10/22/2008

Worldwide Press Freedom Index 2008 - RSF



From: www.rsf.org

RSF: Only peace protects freedoms in post-9/11 world

Bringing up the rear are the dictatorships - some disguised, some not - where dissidents and pro-reform journalists manage to open cracks in the walls that enclose them. The year of the Olympics in the new Asian power, China (167th), was the year that Hu Jia and many other dissidents and journalists were jailed. But it also provided opportunities to those liberal media that are trying gradually to free themselves of the country’s still pervasive police control. Being a journalist in Beijing or Shanghai - or in Iran (166th), Uzbekistan (162nd) and Zimbabwe (151st) - is a high risk exercise involving endless frustration and constant police and judicial harassment.

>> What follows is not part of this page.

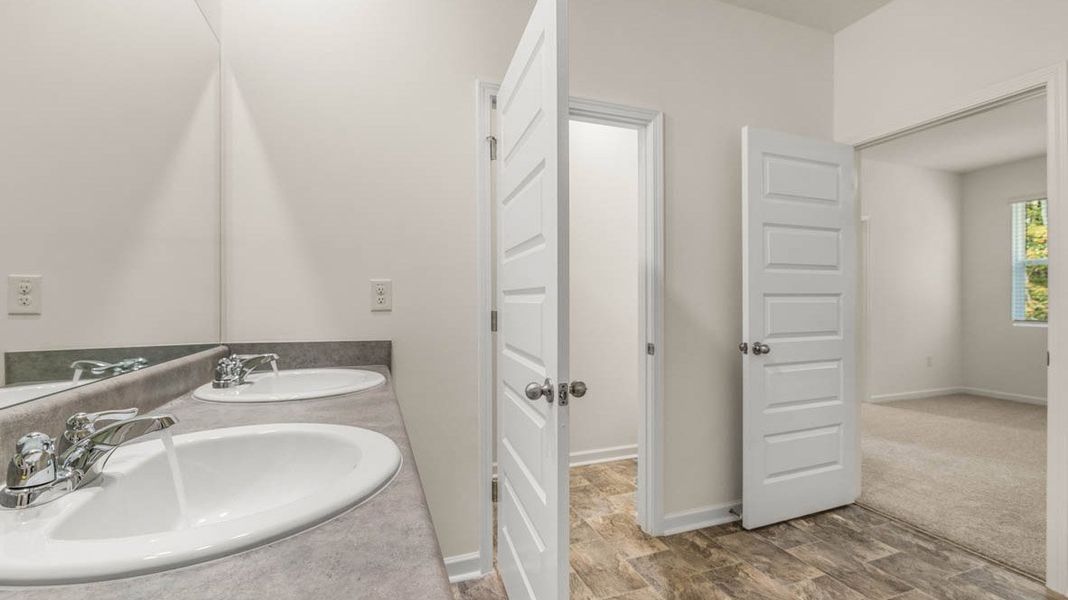 Representative furnished interior of a home built from the Dennis by D.R. Horton in Glenmaye, Hampton (Image 10).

Online repression also exposes these tenacious taboos. In Egypt (146th), demonstrations launched online shook the capital and alarmed the government, which now regards every Internet user as a potential danger. The use of Internet filtering is growing by the year and the most repressive governments do not hesitate to jail bloggers. While China still leads the “Internet black hole” ranking worldwide, deploying considerable technical resources to control Internet users, Syria (159th) is the Middle-East champion in cyber-repression. Internet surveillance is so thorough there that even the least criticism posted online is sooner or later followed by arrest.